Kabasele Yampanya wa ba Mulanga Jean-Baptiste alias Pépé Kallé 1951-1998

Chanteur Auteur-compositeur (Congo RDC)

Kabasélé Yampanya alias Pépé Kallé figure l’un des piliers de la troisième génération de la musique moderne au Zaïre. Ce géant (2,10m, 150kg) est mort le 29 novembre 1998, alors qu’il aurait fêté ses 47 ans l’avant-veille du nouvel an 1999.

D’abord appréciée à la chorale de l’église, sa voix se révèle en 1969 au sein de l’orchestre Bamboula dont le style s’inscrit dans la lignée de l’African Fiesta de Rochereau. Mais c’est Verkys, célèbre saxophoniste de l’OK Jazz de Franco et grand découvreur de jeunes talents, qui saura mettre en valeur les qualités de chanteur de Pépé Kallé au sein de son groupe Vévé (véritable pépinière de musiciens) et d’une de ses formations satellites Lipwa Lipwa.

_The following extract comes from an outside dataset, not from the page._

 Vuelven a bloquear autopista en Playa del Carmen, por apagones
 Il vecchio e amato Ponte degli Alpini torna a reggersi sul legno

En 1972, toujours au sein de “l’écurie Vévé”, Pépé Kallé participe à la fondation du groupe Bella Bella mené par les frères Maxime et Émile Soki, qu’il va quitter rapidement pour créer son propre ensemble, Empire Bakuba, avec Dinu Dinuloma et Papy Tex Matolu. Ce trio vocal a connu une longévité exceptionnelle (plus d’un quart de siècle) dans un environnement où la dislocation des orchestres semble être la règle. Il est aussi celui qui imposa dans le soukouss ce style d’harmonieuses polyphonies interprétées par des solistes à la justesse phénoménale.

À partir de 1973, le succès remporté par Pépé Kallé et Empire Bakuba avec “Nazoki” ne se démentira plus. De 1975 à 1977, ils visitent les pays alentours et vont bientôt propager une nouvelle danse, le “makassy calculé”. Dans les années 80, alors que le groupe commence à étendre le rayon de ses tournées au-delà du continent, les prestations d’Empire Bakuba se font de plus en plus spectaculaires. Adoptant les tenues des “sapeurs”, les artistes jouent la carte de l’extravagance jusqu’à la limite du grand guignol. Le fameux “Bakuba Show” fonctionne essentiellement sur le contraste entre la stature gigantesque de Pépé Kallé et le jeu facétieux d’ambianceurs nains : Emoro, le plus célèbre d’entre eux (mort en 1992), Joli Bébé, Dokolos et Dominique Mabwa. Une veine particulièrement bien exploitée avec l’album “Bombe Atomique”.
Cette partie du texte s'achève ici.